What the task asks:
I'd like the entries that follow repeated exactly, with the pictures left out.

(Dataset entries)
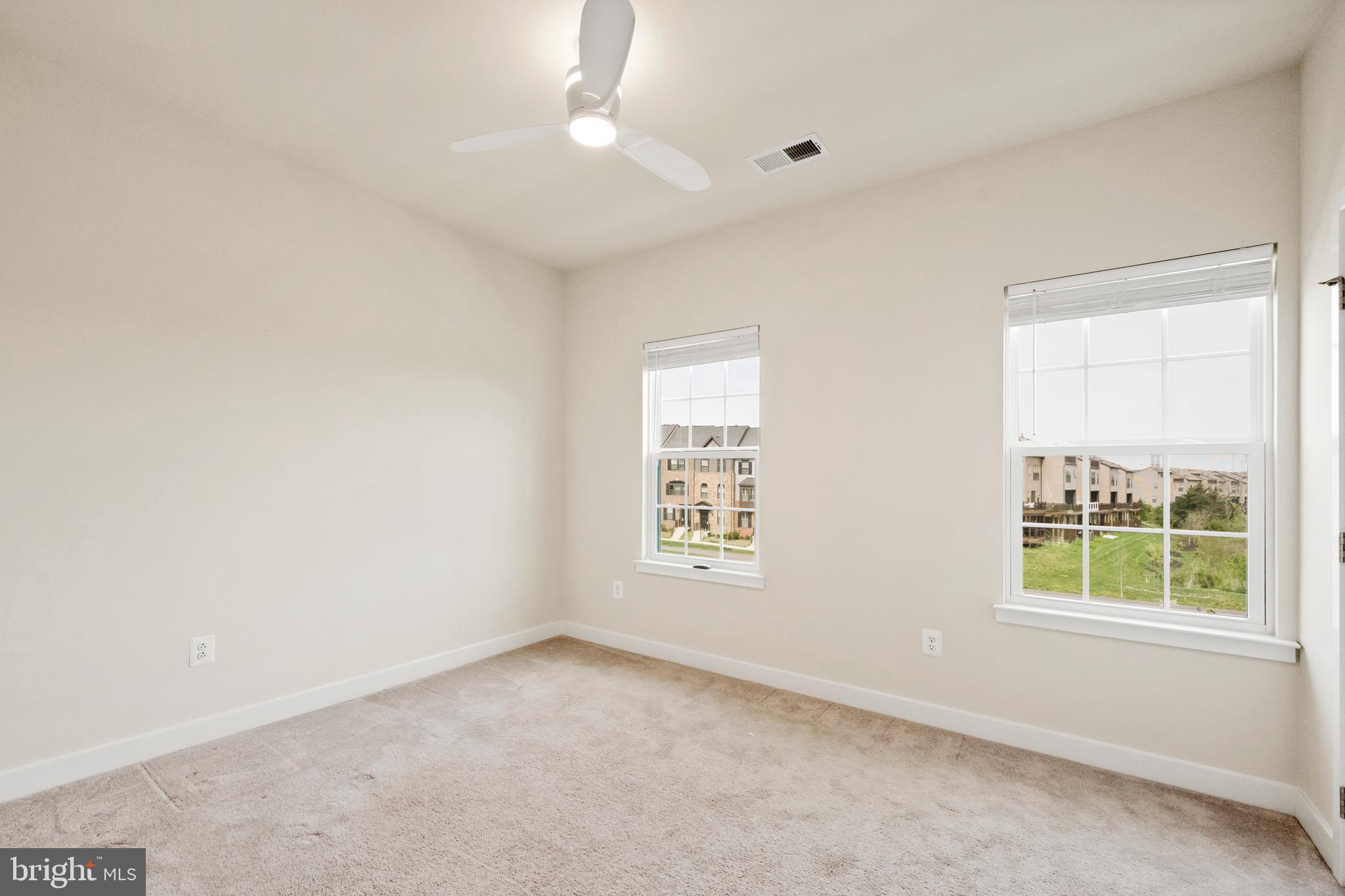 FOSTER'S GLEN - Residential Lease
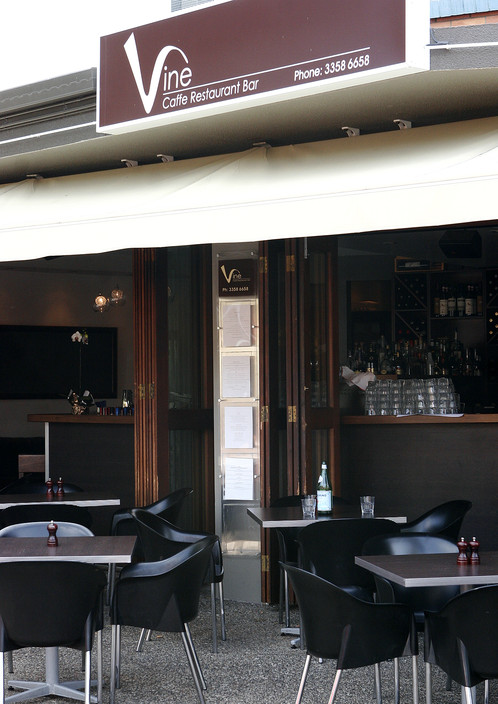 Vine Caffe Restaurant Bar Pic 1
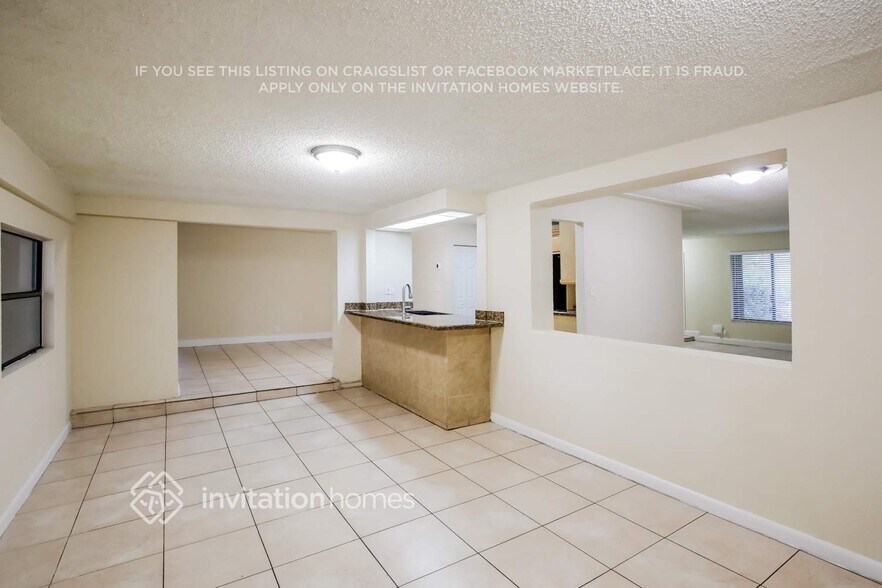 Building Photo - 11171 NW 36th St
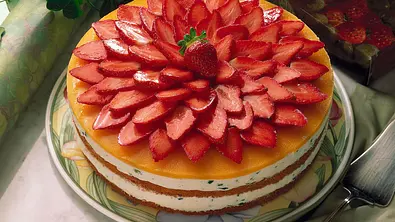 Käse-Sahne-Torte mit Erdbeeren Rezept - Foto: LECKER @ Bauer Media Group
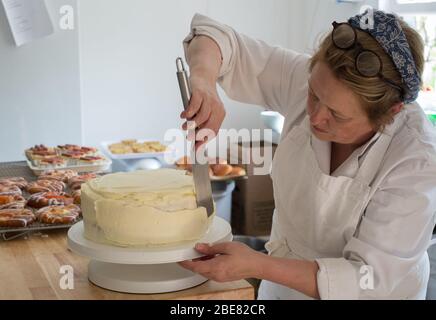 Scotland-based patissier Louise Paterson icing a Hummingbird cake Stock Photo
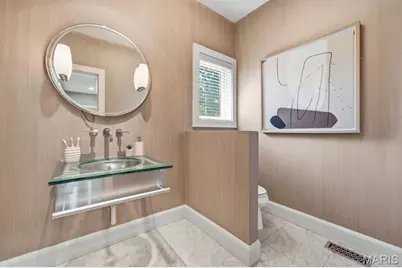 223 Lancaster Drive, Clayton, MO 63105 - Photo 5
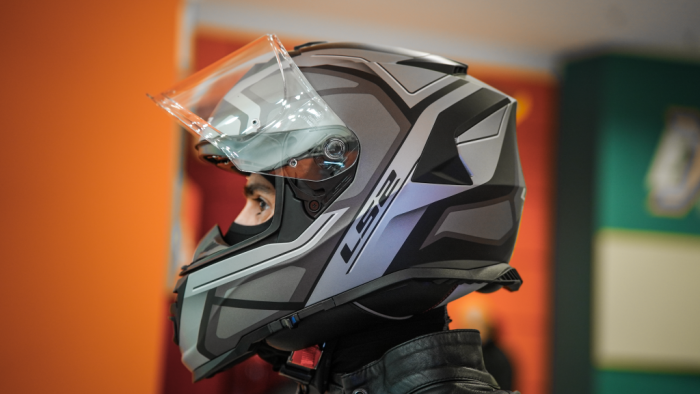 Мотошлем интеграл LS2 FF800 Storm Faster matt titanium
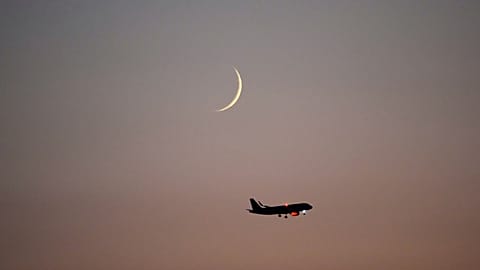 Εικόνα αρχείου- Airbus A320 σε πτήση προς Λισαβόνα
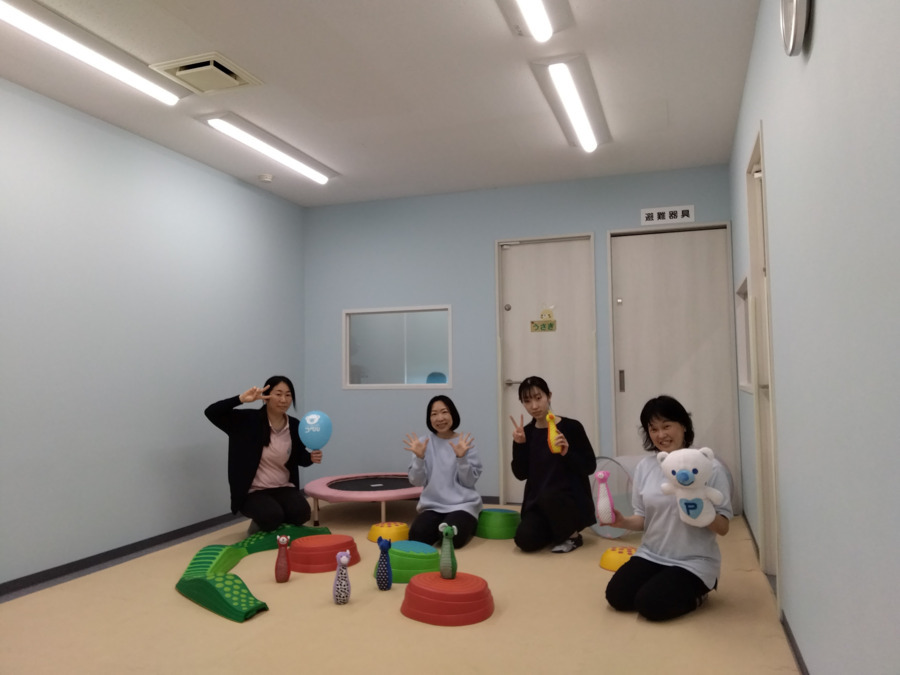 児童発達支援　コペルプラス東神奈川教室の写真2枚目：家庭的な雰囲気で働きやすさ◎研修制度充実！長く勤めたい方にオススメです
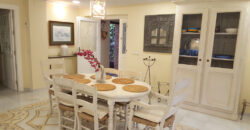 Preciosa villa situada a 900 m de Puerto Banus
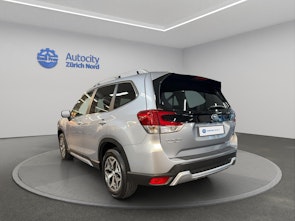 Vehicle image SUBARU Forester Station 2.0i e-Boxer Swiss Plus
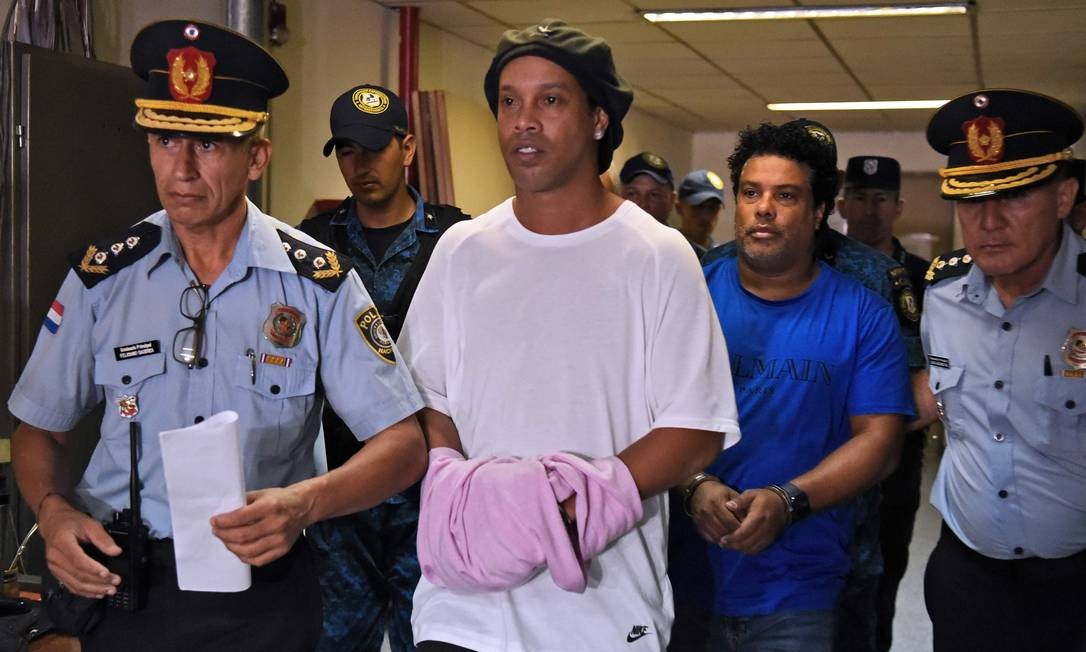Image result for Ronaldinho é investigado por outros crimes no Paraguai além do uso de passaportes falsos, diz promotor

Exercise output:
 FOSTER'S GLEN - Residential Lease
 Vine Caffe Restaurant Bar Pic 1
 Building Photo - 11171 NW 36th St
 Käse-Sahne-Torte mit Erdbeeren Rezept - Foto: LECKER @ Bauer Media Group
 Scotland-based patissier Louise Paterson icing a Hummingbird cake Stock Photo
 223 Lancaster Drive, Clayton, MO 63105 - Photo 5
 Мотошлем интеграл LS2 FF800 Storm Faster matt titanium
 Εικόνα αρχείου- Airbus A320 σε πτήση προς Λισαβόνα
 児童発達支援　コペルプラス東神奈川教室の写真2枚目：家庭的な雰囲気で働きやすさ◎研修制度充実！長く勤めたい方にオススメです
 Preciosa villa situada a 900 m de Puerto Banus
 Vehicle image SUBARU Forester Station 2.0i e-Boxer Swiss Plus
Image result for Ronaldinho é investigado por outros crimes no Paraguai além do uso de passaportes falsos, diz promotor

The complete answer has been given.